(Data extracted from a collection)

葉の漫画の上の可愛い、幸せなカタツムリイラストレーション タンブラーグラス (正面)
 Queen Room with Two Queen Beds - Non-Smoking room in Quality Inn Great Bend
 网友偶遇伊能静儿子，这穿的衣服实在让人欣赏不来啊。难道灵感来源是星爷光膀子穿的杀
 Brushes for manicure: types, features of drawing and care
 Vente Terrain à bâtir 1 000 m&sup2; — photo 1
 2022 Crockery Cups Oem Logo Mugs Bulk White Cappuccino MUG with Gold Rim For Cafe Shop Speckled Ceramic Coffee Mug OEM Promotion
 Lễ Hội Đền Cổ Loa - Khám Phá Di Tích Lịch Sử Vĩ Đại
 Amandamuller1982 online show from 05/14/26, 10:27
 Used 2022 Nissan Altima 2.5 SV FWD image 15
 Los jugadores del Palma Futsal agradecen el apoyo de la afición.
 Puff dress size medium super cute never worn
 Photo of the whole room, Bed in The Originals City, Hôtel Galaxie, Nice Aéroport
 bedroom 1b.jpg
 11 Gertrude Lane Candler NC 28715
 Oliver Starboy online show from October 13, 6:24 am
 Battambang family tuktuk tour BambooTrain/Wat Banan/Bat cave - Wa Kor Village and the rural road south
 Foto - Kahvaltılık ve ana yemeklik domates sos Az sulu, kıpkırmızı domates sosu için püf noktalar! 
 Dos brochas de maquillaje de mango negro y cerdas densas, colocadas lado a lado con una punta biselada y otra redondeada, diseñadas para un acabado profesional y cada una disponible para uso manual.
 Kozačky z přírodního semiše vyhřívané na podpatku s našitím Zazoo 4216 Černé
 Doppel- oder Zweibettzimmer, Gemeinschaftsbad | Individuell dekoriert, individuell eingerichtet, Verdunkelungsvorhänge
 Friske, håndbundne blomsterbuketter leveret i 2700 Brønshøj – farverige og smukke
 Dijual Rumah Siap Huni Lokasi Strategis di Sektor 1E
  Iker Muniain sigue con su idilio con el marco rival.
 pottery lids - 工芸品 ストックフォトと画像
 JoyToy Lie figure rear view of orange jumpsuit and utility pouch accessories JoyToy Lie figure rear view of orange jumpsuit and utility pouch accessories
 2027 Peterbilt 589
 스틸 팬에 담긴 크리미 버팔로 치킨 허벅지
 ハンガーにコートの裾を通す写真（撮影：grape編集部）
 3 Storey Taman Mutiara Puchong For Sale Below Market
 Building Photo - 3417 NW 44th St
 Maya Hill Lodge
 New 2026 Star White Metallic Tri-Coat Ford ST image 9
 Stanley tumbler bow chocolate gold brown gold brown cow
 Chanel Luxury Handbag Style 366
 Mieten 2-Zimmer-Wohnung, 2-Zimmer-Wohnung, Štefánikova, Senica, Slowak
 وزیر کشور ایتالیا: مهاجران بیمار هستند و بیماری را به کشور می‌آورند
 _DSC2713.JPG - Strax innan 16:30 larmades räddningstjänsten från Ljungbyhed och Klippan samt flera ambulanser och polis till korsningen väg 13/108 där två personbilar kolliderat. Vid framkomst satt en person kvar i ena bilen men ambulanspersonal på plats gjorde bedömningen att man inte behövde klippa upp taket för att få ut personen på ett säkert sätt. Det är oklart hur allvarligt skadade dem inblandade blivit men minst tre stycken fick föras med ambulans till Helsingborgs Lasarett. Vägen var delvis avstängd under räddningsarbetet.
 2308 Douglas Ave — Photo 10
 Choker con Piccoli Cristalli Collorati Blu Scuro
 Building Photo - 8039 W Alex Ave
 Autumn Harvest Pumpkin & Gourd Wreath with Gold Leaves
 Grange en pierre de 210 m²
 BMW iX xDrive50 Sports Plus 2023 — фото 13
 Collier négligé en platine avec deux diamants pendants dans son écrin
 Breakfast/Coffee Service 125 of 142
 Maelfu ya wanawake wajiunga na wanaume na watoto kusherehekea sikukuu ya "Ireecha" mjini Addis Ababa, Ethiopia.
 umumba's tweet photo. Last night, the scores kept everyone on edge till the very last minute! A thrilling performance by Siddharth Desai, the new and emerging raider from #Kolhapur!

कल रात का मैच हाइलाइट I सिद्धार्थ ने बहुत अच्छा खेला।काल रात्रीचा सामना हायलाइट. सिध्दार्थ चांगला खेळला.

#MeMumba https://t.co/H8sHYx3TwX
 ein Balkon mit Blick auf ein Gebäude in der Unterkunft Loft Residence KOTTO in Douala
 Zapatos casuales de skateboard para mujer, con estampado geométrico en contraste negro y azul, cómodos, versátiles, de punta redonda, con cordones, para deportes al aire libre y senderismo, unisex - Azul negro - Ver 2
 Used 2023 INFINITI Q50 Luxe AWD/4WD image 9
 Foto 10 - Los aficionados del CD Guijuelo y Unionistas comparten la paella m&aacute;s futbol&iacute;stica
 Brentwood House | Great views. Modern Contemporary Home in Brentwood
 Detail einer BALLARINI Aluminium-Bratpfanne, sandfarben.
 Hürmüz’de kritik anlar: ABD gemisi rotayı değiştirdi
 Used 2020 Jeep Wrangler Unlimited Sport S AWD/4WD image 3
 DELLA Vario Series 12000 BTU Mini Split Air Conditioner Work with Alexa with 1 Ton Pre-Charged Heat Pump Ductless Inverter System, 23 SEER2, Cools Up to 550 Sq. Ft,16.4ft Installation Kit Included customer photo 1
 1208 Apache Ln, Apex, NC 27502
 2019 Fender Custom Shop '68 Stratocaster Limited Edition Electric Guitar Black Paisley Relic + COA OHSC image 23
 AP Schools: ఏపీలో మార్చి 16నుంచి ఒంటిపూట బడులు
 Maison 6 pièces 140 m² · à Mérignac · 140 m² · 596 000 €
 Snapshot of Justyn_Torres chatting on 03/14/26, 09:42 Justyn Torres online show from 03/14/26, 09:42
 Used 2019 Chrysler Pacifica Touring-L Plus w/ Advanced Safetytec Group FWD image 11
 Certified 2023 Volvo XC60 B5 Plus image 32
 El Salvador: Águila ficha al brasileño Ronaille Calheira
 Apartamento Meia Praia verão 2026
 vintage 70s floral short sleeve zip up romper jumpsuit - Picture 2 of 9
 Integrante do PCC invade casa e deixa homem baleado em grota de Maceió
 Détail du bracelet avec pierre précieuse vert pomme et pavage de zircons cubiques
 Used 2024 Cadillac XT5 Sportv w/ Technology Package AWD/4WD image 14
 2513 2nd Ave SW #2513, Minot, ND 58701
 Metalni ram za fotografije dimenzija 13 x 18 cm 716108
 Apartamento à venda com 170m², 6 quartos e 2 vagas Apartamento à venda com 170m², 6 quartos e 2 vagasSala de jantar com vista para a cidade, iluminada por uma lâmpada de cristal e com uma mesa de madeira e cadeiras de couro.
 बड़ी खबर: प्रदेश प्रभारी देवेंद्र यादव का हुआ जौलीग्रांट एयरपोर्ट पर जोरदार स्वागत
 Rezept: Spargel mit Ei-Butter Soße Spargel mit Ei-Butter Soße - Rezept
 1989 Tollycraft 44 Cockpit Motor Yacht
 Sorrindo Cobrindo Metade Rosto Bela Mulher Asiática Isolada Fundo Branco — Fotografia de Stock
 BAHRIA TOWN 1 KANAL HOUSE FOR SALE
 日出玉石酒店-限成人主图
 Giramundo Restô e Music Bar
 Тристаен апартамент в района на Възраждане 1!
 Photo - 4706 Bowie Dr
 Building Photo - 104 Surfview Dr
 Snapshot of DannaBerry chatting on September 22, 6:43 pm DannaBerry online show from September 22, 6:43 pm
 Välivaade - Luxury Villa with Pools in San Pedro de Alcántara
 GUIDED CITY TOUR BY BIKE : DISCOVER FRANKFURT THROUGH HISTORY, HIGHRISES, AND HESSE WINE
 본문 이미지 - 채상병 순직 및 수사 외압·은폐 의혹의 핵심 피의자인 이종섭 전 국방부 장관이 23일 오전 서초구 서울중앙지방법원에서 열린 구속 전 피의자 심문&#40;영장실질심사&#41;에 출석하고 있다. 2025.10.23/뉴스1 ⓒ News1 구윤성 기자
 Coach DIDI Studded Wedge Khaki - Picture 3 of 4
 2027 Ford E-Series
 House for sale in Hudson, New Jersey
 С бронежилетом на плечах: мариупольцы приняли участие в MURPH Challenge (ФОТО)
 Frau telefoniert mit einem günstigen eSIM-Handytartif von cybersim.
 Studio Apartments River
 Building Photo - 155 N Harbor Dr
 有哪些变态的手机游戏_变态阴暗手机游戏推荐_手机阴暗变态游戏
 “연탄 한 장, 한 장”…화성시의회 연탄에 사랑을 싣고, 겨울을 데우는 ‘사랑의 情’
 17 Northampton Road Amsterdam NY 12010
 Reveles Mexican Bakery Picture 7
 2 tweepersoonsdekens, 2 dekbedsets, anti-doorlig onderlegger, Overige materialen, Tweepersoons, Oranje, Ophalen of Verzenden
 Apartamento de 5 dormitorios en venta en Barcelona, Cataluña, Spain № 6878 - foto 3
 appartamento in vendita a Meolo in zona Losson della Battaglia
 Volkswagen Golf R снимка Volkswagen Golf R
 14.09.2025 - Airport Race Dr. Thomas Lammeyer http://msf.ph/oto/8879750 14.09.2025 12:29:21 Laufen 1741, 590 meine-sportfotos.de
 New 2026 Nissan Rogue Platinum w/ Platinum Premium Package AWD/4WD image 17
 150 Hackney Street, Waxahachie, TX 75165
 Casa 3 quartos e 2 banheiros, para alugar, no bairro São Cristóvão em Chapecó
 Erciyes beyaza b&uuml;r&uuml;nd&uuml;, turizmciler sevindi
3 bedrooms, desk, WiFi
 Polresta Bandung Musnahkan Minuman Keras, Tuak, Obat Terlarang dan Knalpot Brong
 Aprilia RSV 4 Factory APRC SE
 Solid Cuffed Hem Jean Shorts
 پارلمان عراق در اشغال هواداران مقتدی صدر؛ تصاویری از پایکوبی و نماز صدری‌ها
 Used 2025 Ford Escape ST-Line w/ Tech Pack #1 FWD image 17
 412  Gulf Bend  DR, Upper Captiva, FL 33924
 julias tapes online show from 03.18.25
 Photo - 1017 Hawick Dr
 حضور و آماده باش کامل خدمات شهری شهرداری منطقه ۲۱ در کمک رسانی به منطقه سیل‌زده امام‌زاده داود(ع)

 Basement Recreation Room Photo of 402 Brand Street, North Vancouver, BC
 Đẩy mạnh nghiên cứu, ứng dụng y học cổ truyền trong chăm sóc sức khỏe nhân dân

WORK INSTRUCTIONS —
Where a line in the records above contains the word "chatting", include it in the count; state the total and nothing more.

ANSWER TO THIS PROBLEM —
2